>>>>>

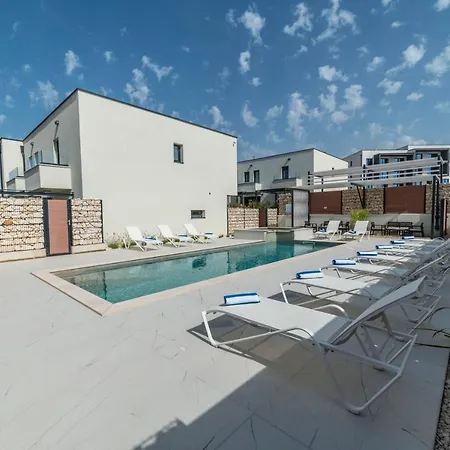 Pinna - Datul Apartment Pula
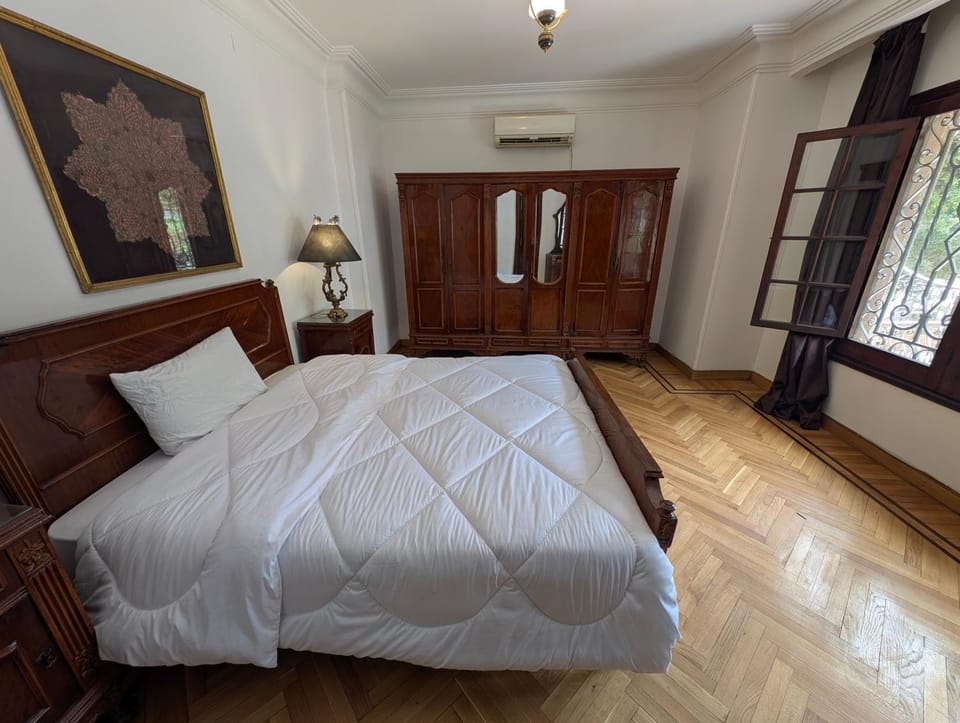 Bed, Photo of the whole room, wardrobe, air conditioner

<<<<<
>>>>>

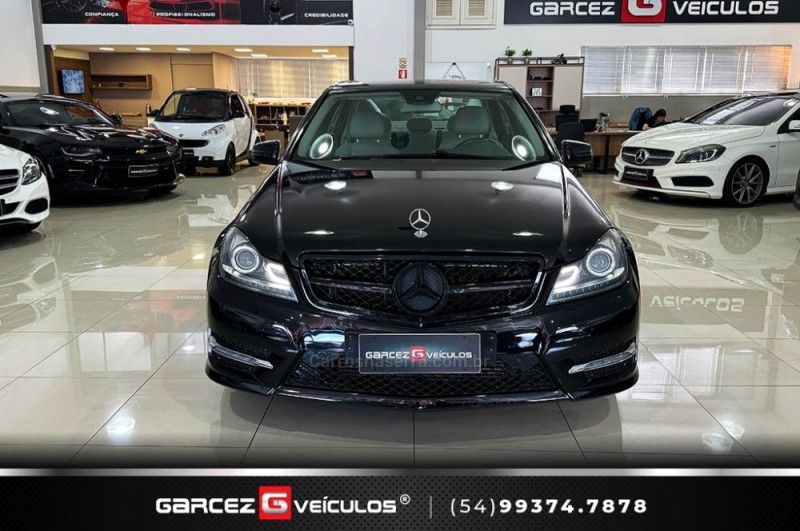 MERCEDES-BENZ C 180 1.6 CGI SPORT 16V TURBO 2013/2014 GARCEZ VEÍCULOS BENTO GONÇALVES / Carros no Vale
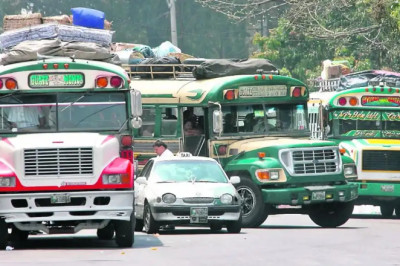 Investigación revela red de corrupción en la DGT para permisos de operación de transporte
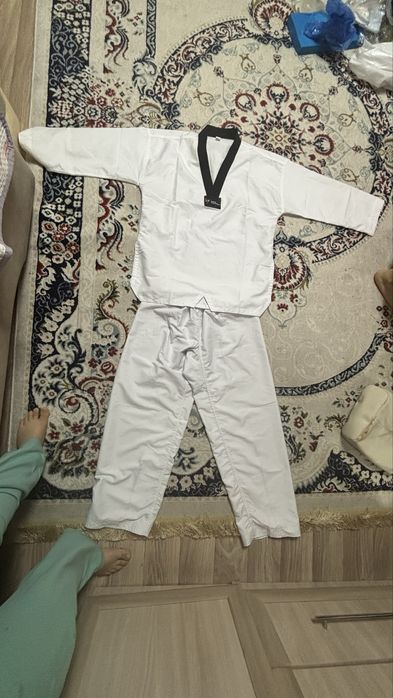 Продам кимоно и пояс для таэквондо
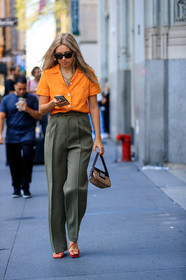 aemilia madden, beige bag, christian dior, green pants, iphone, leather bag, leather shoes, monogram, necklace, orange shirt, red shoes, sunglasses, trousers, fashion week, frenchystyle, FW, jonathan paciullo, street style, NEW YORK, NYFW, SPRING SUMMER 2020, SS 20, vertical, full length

<<<<<

Leaving out all pictures, set down exactly the lines of the material above, from the line with "Pinna - Datul Apartment Pula" to the line with "Bed, Photo of" inclusive, and no others.

• _THE COMPLETED TASK_:
 Pinna - Datul Apartment Pula
 Bed, Photo of the whole room, wardrobe, air conditioner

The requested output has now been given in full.